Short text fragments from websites

-.-.-

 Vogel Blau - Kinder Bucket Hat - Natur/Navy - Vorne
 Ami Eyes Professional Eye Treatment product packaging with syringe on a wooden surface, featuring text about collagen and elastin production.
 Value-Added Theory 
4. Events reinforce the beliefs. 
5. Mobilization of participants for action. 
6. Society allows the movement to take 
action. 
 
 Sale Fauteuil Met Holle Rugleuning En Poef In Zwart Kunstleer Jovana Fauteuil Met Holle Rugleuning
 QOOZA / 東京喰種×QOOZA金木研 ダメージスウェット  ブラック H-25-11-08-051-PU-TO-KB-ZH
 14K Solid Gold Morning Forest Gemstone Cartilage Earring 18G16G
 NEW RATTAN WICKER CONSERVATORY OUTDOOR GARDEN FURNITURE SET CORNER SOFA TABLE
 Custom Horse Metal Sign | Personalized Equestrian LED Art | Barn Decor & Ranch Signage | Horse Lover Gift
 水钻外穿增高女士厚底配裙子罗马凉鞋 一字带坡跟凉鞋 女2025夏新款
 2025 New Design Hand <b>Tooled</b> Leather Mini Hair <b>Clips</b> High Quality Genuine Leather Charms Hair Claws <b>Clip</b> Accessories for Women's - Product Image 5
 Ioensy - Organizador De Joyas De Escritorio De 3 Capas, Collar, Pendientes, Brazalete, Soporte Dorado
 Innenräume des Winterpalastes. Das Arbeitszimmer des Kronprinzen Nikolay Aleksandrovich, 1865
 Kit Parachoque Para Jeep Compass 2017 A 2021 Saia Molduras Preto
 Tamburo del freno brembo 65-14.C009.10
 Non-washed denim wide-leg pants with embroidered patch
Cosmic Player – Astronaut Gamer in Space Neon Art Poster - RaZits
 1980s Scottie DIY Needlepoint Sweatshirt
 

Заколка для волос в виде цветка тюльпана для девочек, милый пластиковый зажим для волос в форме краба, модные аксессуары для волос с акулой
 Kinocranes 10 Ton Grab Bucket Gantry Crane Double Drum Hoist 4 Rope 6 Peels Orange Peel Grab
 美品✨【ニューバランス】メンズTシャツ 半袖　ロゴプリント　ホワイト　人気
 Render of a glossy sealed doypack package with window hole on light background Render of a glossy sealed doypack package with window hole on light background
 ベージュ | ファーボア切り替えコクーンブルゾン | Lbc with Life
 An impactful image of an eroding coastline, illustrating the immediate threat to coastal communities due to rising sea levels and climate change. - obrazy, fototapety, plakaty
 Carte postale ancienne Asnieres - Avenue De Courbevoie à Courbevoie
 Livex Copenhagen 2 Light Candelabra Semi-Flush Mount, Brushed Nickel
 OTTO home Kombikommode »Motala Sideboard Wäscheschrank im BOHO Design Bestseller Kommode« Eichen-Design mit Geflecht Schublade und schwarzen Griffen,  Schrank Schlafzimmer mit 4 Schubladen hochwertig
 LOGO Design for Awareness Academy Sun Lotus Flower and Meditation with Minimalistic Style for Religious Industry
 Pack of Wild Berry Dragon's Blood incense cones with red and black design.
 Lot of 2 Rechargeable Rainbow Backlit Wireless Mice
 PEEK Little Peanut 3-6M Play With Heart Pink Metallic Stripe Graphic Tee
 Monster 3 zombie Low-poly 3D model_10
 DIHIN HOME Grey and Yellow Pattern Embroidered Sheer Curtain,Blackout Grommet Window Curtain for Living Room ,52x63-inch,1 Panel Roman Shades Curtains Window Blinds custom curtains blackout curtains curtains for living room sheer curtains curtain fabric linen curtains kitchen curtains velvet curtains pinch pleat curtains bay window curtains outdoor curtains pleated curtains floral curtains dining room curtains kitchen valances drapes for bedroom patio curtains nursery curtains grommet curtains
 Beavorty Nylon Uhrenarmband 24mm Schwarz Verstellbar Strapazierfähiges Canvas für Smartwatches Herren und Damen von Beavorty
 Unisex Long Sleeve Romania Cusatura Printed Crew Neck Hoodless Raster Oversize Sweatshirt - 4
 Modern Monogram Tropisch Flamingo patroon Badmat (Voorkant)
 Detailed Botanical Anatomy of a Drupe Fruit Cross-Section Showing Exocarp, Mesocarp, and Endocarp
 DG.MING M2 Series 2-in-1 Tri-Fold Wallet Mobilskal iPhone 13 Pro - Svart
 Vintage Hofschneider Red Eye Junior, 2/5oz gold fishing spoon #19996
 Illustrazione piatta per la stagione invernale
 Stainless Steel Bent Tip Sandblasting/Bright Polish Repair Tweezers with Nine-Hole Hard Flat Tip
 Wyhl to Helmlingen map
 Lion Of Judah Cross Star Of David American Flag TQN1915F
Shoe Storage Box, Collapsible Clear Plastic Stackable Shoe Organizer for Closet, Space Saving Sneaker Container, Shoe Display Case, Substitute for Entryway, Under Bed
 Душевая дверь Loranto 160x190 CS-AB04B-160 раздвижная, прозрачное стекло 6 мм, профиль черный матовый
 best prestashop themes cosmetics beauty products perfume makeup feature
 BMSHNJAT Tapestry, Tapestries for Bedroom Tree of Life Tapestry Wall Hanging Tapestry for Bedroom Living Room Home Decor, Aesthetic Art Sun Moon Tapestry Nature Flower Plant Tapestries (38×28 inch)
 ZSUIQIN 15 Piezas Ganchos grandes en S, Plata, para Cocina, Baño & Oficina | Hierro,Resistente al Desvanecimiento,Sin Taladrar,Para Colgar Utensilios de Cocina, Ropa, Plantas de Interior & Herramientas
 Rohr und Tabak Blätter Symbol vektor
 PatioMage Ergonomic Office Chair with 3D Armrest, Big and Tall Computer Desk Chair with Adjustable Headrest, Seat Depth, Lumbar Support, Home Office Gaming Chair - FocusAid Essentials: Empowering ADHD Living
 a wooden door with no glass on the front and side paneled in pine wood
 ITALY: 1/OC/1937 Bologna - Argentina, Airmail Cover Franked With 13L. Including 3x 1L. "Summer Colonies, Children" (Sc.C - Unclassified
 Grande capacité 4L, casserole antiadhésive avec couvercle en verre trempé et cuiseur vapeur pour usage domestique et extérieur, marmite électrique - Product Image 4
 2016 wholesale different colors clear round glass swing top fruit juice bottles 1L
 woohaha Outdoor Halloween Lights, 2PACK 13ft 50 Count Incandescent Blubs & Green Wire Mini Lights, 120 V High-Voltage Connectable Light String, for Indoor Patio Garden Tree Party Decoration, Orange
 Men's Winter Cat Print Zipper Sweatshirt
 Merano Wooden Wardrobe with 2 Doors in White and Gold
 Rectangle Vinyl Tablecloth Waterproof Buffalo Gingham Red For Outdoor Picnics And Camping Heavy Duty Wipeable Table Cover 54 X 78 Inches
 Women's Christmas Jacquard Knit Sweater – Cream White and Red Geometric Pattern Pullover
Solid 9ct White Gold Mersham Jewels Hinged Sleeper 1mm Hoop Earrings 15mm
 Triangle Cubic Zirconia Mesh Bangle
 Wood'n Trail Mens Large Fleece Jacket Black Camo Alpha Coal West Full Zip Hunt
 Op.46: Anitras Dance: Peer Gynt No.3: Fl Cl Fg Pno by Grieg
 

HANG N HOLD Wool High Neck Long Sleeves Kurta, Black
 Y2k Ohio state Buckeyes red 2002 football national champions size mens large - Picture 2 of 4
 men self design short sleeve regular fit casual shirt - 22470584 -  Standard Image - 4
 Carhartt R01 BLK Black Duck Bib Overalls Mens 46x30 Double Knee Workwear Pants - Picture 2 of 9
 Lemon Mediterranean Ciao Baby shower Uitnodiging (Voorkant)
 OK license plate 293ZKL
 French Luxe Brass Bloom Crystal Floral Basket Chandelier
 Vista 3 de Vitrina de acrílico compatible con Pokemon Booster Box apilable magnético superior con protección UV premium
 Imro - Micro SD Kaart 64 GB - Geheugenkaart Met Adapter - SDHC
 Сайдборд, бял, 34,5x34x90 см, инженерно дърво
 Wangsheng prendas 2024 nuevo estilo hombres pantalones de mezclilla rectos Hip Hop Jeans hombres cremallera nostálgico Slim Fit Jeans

-.-.-

_Task objective_. Scan the entries above and show each line that contains the word "Women".

_Reply_.
 2025 New Design Hand <b>Tooled</b> Leather Mini Hair <b>Clips</b> High Quality Genuine Leather Charms Hair Claws <b>Clip</b> Accessories for Women's - Product Image 5
 Women's Christmas Jacquard Knit Sweater – Cream White and Red Geometric Pattern Pullover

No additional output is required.